Robert Duvall es uno de mis actores favoritos. Pese a haberse centrado en papeles mayoritariamente secundarios, muchas de esas interpretaciones son magníficas, auténticas obras maestras. Una de ellas es la que desempeña en “Acción civil” (1998); para mí, una cinta obligada para todo aquel que quiera dedicar su vida al Derecho, en cualquiera de sus facetas y variantes.
Ahí, Duvall actúa como abogado defensor de una gran multinacional, un perro viejo que se las sabe todas, bregado en múltiples batallas y que tiene enfrente al protagonista (John Travolta), abogado joven e ilusionado -y, por tanto, con ciertas dosis de ingenuidad-, preñado de convicciones y que todavía no se ha dado una gran bofetada…
Hay una escena memorable en la que Duvall está en un archivo lúgubre, ubicado en el sótano de su bufete. Está comiendo un simple sándwich mientras escucha -a través de una humilde radio- la retransmisión de un partido de béisbol. Y es en ese momento cuando alguien -un mandado, un becario- le trae un sobre dándole cuenta de la demanda interpuesta contra su cliente; ocasión que él aprovecha para despacharse a gusto con el mensajero, mostrándose del todo contrariado por haberle interrumpido en “su momento”, y, así, le obsequia con lo que podríamos considerar como un consejo vital: que a la hora de comer procure buscarse un sitio discreto, solitario, donde poder dedicar apenas un rato a comer mientras su cabeza se evade y, sobre todo, que le haga saber a todo el mundo que ése es su espacio y su tiempo; y que -ahí y entonces- nadie debe molestarle.
No creo ser un misántropo, más bien creo que todo lo contrario: me gustan y disfruto con las relaciones sociales y, también, incluso conociendo y tratando a gente nueva (raro es que alguien no tenga algo interesante que aportar).

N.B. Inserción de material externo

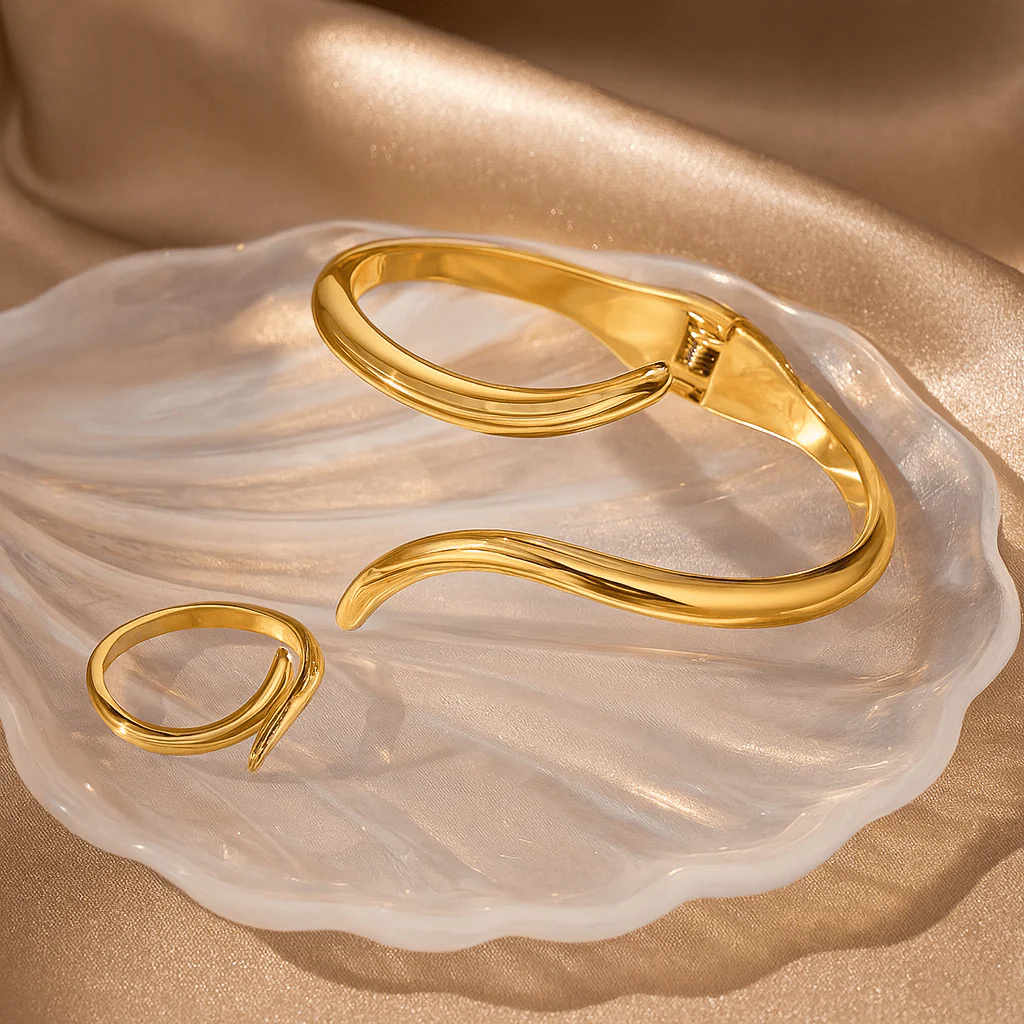 Bijou bague design minimaliste épurement moderne Max for Me - Élégance géométrique intemporelle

Pero, siendo así, no es menos cierto que con la edad he ido valorando cada vez más mis momentos de recogimiento individual: lectura, kayak, viajes en coche y, también, mi hora de comer los días laborables.
No se me malinterprete: no le hago ascos a una comida acompañada de clientes (reales o potenciales) y/o de compañeros y –sin embargo– amigos. Pero una cosa es eso y otra, muy distinta, que como costumbre ése sea mi plan ideal (y cotidiano), pues para el día a día prefiero una comida algo más breve -que no me ocupe demasiado tiempo- y frugal -que no me hipoteque la tarde- y que, además, me permita dedicarme a alguna tarea que me entretenga: por ejemplo, la sosegada lectura de un periódico o, incluso, de algún texto profesional no demasiado denso.
Y así es como, con el tiempo y la costumbre, he encontrado mi particular refugio en dos templos, tan antagónicos como complementarios entre sí: “La Pepita” y “Casa Luisa”. Quizá lo único que tienen en común son tres detalles no menores: no hay olores, no hay excesivo bullicio, ni -tampoco- televisión.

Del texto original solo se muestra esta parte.